- Is there the shortest notation defined for a vector obtained by projecting $\vec{A}$ onto $\vec{B}$?
- Is there the shortest notation defined for the complementary vector of a vector obtained by projecting $\vec{A}$ onto $\vec{B}$?
Is it ok if I used $\vec{A}\parallel \vec{B}$ for the first case and $\vec{A}\perp\vec{B}$ for the last one?
Actually, after thinking about it some more, I now remember seeing the following used in my abstract linear algebra class:
$$\operatorname{proj}_{\vec{B}}(\vec{A})$$ $$\operatorname{perp}_{\vec{B}}(\vec{A})$$
and these in my 2nd year physics curriculum:
$$\operatorname{Proj}_{\parallel}(\vec{B},\vec{A})$$ $$\operatorname{Proj}_{\perp}(\vec{B},\vec{A})$$
I am not sure if there is a standard notation for these. Personally, I like the first one, since the second does not make immediately clear what is being projected onto what.
I don't think that using $\vec{A}\parallel\vec{B}$ and $\vec{A}\perp \vec{B}$ because these are conventionally used as statements about $\vec{A}$ and $\vec{B}$, i.e. $\vec{A}\perp\vec{B}$ should be read "$\vec{A}$ is orthogonal to $\vec{B}$" rather than an expression which means "the component of $\vec{B}$ orthogonal to $\vec{A}$." I think if you wrote, for example, $$B\perp \operatorname{perp}_{\vec{B}}(\vec{A})$$ that any reader would recognize this as a true statement (perhaps a tautology).

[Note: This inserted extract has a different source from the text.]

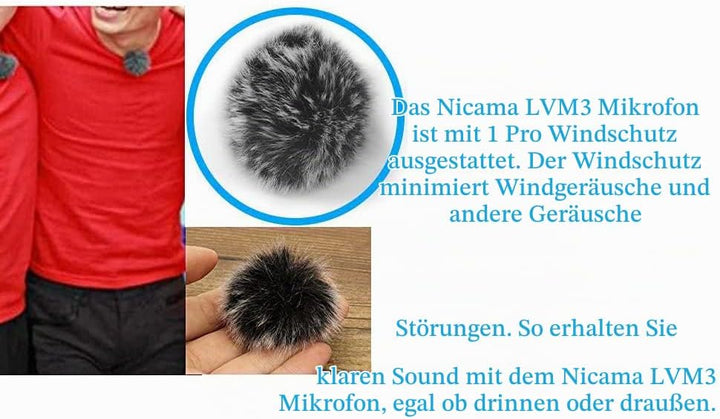 Nicama LVM3 Lavalier Mikrofon mit Windschutzscheibe, Kondensator Freisprech Ansteck Revers Mikrofon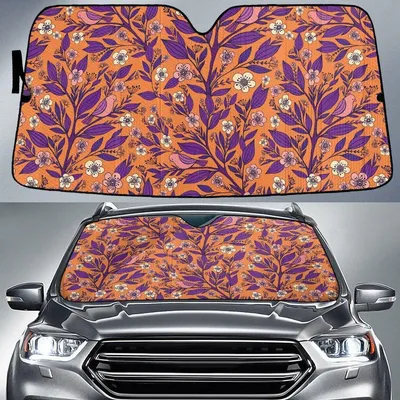 Yellow Apricot Blossom Tree Spring Vibe Orange Car Sun Shades Cover Auto Windshield PrintSyde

If you're writing in a situation where you can define your own notation, and you really want something short, I might suggest $\vec{A}_{\vec{B}}^\parallel$ and $\vec{A}_{\vec{B}}^\perp$ or (my personal preference) $\mathbf{A}_{\mathbf{B}}^{\parallel}$ and $\mathbf{A}_{\mathbf{B}}^{\perp}$. $$\mathbf{A}=\mathbf{A}_{\mathbf{B}}^{\parallel}+\mathbf{A}_{\mathbf{B }}^{\perp}$$ just looks slick.